Roundtree finished the game with 17 points, two rebounds and five assists. He struggled from 3-point land, going 1-of-6.
Kent State continued to fight back, cutting its deficit to 41-32 at halftime.
Junior guard Jaylin Walker hit back-to-back triples and Zabo scored an and-one layup to tie the game between Kent State and CMU, 48-48, with 15:41 left in the game.

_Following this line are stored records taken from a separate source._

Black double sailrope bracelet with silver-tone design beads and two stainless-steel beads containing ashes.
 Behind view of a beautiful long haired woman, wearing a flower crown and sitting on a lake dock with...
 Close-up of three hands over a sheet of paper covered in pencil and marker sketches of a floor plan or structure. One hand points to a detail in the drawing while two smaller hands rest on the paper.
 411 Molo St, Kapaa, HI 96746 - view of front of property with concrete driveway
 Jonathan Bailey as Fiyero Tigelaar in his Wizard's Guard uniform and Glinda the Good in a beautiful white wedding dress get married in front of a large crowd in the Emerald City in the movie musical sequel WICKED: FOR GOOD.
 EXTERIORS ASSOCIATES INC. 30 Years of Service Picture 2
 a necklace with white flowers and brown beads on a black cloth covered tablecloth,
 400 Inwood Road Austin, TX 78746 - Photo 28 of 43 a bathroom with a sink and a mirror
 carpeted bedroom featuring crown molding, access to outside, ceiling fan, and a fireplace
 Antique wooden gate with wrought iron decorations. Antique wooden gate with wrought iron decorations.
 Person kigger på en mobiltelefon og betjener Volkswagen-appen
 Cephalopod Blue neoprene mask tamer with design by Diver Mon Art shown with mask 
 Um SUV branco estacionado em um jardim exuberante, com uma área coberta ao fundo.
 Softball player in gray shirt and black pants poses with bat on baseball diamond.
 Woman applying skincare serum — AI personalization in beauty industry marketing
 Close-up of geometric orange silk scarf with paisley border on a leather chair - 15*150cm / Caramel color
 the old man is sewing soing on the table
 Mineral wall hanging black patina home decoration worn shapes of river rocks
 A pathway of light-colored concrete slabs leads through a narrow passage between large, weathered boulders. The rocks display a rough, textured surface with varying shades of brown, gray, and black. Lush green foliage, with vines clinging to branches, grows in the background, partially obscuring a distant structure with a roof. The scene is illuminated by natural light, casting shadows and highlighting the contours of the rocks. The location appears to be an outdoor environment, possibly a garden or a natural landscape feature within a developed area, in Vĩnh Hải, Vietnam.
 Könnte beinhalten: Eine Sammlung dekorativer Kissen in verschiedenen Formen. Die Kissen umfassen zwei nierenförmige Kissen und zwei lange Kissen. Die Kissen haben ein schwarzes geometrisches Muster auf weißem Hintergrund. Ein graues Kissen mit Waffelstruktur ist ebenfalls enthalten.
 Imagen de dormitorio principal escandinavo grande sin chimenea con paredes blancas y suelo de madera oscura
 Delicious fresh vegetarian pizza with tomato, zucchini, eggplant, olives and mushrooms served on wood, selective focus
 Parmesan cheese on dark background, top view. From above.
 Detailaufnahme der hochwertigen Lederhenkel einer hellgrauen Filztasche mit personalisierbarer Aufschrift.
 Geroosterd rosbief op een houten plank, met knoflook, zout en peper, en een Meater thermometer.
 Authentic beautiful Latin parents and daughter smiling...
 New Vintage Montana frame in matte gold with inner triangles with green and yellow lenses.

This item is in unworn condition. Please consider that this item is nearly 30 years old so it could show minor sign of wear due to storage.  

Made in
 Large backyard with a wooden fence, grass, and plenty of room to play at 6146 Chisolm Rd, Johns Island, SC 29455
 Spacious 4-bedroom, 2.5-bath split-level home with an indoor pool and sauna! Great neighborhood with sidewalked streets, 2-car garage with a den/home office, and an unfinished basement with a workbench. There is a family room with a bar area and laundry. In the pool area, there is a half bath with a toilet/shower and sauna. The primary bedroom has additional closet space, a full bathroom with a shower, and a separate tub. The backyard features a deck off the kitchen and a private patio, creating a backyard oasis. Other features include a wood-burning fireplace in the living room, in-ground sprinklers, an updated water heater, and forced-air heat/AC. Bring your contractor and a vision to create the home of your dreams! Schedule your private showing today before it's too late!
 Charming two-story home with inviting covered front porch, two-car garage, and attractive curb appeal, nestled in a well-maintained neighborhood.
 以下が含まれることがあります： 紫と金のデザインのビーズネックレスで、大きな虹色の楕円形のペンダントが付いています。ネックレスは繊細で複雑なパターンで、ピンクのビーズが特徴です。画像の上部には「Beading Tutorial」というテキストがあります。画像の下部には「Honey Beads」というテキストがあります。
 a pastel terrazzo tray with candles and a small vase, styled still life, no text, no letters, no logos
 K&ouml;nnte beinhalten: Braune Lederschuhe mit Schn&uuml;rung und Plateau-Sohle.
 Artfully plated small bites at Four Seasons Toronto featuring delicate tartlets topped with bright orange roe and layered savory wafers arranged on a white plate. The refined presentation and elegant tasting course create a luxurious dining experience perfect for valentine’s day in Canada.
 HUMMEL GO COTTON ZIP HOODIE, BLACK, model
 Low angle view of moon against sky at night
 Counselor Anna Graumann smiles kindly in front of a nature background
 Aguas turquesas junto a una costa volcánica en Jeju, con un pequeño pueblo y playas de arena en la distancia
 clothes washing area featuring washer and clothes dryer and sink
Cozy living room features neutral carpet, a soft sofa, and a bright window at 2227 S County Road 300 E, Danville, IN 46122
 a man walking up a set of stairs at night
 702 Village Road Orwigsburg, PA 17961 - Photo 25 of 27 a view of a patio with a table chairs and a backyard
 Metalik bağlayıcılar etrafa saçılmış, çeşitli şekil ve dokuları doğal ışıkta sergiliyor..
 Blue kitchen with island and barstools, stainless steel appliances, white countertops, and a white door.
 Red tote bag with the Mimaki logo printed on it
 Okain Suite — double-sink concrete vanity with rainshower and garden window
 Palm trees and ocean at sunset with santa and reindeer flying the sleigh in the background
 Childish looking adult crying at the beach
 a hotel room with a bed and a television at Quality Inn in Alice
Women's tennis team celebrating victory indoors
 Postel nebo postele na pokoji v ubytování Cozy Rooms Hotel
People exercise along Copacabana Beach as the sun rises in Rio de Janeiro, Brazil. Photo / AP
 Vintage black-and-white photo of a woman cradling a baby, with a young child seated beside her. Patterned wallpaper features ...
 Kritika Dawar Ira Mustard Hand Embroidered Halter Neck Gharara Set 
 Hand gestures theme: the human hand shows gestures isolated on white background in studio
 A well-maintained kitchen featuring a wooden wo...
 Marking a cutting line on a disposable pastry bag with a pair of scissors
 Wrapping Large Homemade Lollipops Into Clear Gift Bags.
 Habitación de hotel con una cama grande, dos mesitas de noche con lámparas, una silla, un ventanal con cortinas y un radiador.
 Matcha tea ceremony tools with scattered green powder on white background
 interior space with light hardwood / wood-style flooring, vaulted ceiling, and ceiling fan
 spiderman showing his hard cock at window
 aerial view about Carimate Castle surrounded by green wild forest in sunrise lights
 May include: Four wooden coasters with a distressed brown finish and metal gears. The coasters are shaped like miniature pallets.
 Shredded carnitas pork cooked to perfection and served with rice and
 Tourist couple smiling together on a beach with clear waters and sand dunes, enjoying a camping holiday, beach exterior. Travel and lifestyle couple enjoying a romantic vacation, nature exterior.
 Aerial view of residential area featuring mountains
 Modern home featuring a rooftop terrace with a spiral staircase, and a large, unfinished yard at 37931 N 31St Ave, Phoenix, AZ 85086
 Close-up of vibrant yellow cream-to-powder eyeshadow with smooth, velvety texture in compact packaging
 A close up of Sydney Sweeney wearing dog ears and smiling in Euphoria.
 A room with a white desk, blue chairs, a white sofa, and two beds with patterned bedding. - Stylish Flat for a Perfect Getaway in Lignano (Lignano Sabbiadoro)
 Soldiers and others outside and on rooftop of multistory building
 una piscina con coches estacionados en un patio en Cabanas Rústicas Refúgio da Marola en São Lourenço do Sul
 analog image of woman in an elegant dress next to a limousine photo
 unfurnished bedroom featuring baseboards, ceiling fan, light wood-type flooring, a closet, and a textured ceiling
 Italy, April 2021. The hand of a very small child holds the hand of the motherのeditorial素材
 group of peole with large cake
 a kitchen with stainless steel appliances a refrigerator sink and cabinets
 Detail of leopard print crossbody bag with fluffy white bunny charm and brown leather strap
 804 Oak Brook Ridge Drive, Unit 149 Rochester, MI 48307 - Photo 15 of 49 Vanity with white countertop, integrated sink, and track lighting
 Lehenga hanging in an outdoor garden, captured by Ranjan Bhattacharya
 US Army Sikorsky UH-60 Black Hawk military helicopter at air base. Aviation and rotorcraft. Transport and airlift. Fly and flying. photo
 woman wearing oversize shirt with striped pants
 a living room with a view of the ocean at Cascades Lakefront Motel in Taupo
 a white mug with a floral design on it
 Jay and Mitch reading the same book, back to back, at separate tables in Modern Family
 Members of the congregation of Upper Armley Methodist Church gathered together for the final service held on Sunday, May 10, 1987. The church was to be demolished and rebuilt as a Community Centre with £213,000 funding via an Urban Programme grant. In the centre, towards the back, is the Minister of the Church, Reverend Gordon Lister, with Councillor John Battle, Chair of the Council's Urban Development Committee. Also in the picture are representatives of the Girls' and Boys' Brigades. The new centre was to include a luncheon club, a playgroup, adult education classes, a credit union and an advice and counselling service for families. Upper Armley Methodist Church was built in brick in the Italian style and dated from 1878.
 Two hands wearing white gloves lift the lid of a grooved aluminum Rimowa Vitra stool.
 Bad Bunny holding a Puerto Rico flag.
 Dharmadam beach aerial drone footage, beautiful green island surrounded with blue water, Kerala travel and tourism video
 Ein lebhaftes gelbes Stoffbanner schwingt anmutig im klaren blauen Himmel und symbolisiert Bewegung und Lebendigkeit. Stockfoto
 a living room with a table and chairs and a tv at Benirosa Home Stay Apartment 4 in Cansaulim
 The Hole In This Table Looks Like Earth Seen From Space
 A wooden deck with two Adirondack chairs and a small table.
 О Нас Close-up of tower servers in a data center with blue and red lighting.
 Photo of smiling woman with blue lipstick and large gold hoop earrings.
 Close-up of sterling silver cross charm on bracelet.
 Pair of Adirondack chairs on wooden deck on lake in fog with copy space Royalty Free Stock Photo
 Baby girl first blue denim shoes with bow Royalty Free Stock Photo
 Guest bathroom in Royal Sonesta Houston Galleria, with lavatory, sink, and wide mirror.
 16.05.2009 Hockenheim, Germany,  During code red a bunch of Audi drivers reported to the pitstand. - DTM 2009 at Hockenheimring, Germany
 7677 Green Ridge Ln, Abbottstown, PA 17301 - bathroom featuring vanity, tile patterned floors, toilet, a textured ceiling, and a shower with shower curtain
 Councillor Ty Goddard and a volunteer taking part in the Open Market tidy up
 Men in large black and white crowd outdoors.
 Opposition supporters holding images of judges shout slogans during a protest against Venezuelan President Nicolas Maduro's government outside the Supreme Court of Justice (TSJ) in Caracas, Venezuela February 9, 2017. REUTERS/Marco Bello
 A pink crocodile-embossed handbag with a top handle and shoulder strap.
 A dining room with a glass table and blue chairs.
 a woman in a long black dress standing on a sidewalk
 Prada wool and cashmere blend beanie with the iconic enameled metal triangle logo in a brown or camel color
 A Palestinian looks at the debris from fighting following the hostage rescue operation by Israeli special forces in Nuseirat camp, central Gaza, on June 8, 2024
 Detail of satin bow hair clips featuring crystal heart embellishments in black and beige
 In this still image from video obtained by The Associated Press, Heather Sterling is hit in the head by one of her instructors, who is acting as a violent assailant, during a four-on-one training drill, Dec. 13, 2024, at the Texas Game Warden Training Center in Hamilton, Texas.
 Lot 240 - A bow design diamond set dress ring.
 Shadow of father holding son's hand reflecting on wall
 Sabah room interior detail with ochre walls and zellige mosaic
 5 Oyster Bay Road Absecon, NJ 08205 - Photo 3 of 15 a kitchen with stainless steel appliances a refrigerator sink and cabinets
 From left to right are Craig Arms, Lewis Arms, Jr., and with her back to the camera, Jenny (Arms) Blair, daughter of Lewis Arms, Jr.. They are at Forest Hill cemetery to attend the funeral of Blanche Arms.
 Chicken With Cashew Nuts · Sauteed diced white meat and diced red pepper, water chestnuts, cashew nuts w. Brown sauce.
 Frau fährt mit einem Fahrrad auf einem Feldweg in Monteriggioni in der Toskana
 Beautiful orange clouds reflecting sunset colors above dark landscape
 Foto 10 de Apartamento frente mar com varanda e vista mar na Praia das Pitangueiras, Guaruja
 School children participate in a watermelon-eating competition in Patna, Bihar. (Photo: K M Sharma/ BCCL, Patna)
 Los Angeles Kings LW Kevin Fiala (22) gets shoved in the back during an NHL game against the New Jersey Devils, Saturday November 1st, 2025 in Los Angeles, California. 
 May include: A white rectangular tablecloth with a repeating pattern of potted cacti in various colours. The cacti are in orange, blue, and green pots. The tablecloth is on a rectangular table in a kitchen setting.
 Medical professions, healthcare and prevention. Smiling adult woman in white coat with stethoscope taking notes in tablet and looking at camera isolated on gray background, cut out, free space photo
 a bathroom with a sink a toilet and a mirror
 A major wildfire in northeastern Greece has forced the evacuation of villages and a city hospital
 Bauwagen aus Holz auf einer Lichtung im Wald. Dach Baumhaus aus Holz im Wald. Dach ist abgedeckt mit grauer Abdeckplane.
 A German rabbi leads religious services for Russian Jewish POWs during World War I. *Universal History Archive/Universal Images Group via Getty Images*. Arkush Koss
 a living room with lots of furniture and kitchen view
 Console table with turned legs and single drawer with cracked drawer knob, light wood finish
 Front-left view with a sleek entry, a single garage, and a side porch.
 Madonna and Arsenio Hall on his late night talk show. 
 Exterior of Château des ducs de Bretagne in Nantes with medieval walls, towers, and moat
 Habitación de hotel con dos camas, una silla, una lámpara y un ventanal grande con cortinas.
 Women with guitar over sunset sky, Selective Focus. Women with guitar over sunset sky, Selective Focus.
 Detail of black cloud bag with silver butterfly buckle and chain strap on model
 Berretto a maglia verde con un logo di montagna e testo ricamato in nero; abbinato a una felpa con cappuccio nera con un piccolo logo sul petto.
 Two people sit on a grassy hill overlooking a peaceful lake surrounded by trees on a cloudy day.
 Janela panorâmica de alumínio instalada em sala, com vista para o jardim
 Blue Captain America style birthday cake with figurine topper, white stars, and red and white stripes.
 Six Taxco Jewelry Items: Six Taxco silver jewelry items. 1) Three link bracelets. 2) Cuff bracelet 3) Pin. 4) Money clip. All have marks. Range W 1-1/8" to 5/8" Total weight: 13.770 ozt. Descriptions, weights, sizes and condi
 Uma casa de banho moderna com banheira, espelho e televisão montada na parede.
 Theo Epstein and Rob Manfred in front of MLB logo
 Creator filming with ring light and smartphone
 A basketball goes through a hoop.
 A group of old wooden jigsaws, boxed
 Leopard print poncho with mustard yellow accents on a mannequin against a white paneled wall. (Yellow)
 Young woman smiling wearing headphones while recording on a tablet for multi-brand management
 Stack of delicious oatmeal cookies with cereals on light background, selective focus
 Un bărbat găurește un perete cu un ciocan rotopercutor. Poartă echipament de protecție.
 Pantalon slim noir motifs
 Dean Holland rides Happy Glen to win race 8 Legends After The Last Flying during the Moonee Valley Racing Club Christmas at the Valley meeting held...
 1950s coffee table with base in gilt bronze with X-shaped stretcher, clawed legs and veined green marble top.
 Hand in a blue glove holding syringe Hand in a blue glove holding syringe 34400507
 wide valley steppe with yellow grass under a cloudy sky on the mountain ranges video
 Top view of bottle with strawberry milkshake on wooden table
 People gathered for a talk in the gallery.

On the ensuing offensive possession, Walker buried a mid-range jumper for a two-point Kent State lead.
“They cut that lead right away and it was basically a new ball game,” said sophomore guard David DiLeo. “We were playing even right from the first media timeout, then we went back-and-forth.”
With 13 minutes remaining in the game, Meyer picked up his fourth foul, forcing the Chippewas to go small for almost the entirety of the second half.
“I had four fouls, but wasn’t going to let up an easy layup because I had a chance to foul out,” Meyer said. “I just tried not to think about it and play as hard as I could without having silly mistakes.”
In spite of having four fouls, Meyer dropped in a 3-pointer with 8:48 left in the game. The triple gave CMU a 55-52 lead over the Golden Flashes.
Walker, who put up 26 points against CMU on Jan. 6, started to get hot from downtown, draining a 3-pointer to hand Kent State a 69-62 edge with 4:32 remaining in the second half.
Zabo took his time working on Roundtree with 1:27 left and dropped a spectacular step back 3-pointer in his eyes. With the triple, Kent State owned a 74-67 lead over CMU.
For Kent State, Zabo posted a team-high 22 points, along with logging two rebounds and three assists. Walker registered 21 points and eight rebounds.
In the final minute of the game, Kent State managed to go 10-for-12 from the free throw line to ice the game for an 84-76 victory.
“We are one or two possessions away from being a great team,” Meyer said. “We are solid right now, but just made some mistakes in crunch time.”
Meyer scored 15 points, adding five rebounds. DiLeo chipped in a double-double with 11 points and 11 rebounds. Williams put up 14 points and six rebounds.
The Chippewas remain at home for a battle against Northern Illinois at 7 p.m. on Jan. 30.
“We’ve struggled a little bit in starting games and the starting second half,” Davis said. “Starting the second half wasn’t where we wanted to be. Of all the things you need to try to do better, starting a half is something we can fix.”